The trip could have last less than two hours but our driver wanted to teach us the real implications of the Chinese word milu.
A word that I will never forget and that translated into English sounds pretty much like: to get lost.
The sweet sound of it made you expect a wonderful hidden meaning and instead, there we are, asking for directions every 20 meters on streets traversed only by occasional rickety buses and ramshackle carts.
After more than 3 hours, we finally reached our destination.
End of March is not the best period for a trip to Cuandixia; trees are still bare and bushes are mostly dead.
It's like trying to sing The Sound of Music in the village of The Nightmare Before Christmas.
Cuandixia is located on a valley floor and populated by a small group of families (circa seventy) who decided to literally open their doors to tourists.
Their kitchens are the rest stops, their living rooms the folk custom museums.
The village is a labyrinth of small passageways and stone houses; the predominant colors are the brown of the dust, the red of the Spring Festival couplets, the grey of the stones, the yellow of the corncobs hanging to dry. And, unexpectedly, the blue of the sky.
On the slope of one of the hills surrounding Cuandixia, a secluded small temple dedicated to the Goddess of Fertility, whose striking resemblance with a Madonna did not escape our Western eyes.
After a brief walk through the hamlet, we decided to climb to the top of the fronting hill for a bird's eye view.
I am proud to announce to you all that I have been the only one to make it to the peak.
Maybe the rest of the group had understood that walking on the brow of an escarpment, without any kind of protection and with a strong wind blowing, it is not one of the most safe and intelligent activities on Earth.
The white line is the trail.

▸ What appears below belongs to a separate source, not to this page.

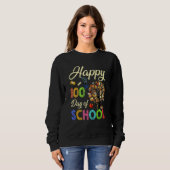 Sweatshirt Happy 100th Day Of School Funny Tree Book Teacher (Devant entier)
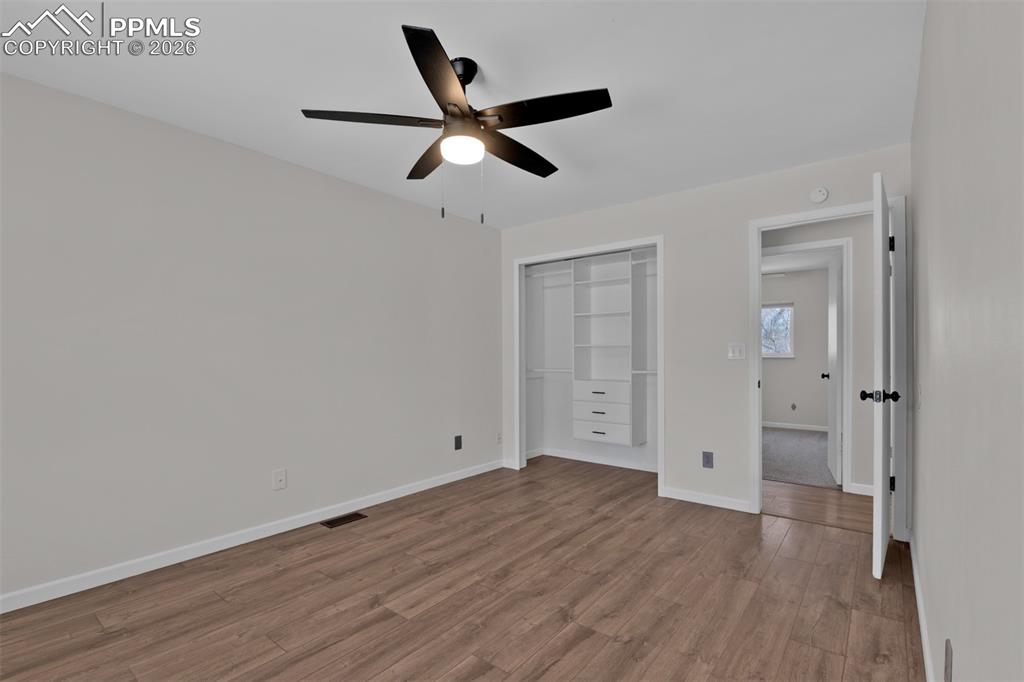 Closet with built-ins (Closet doors are available and left with the home.)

The small coloured dots my companions.
Once on the top, my first thought was: WOW! The second one: And now, how the Hell do I get down?
The fresh mountain breeze stimulated our hunger and so we indulged on an healthy snack: steamed corncob.
The snack, more than assuage the hunger, whetted it. So, we entered one of the many courtyards, where a kind matron showed us to the dining room and brought us the DIY menu. The meal was simple, tasty and enjoyable.
The House Soup has been renamed the Granma Soup, not for its flavour of long ago but because the main ingredient was, in fact, the grandma (as you can see from her skinny hand coming out of the bowl).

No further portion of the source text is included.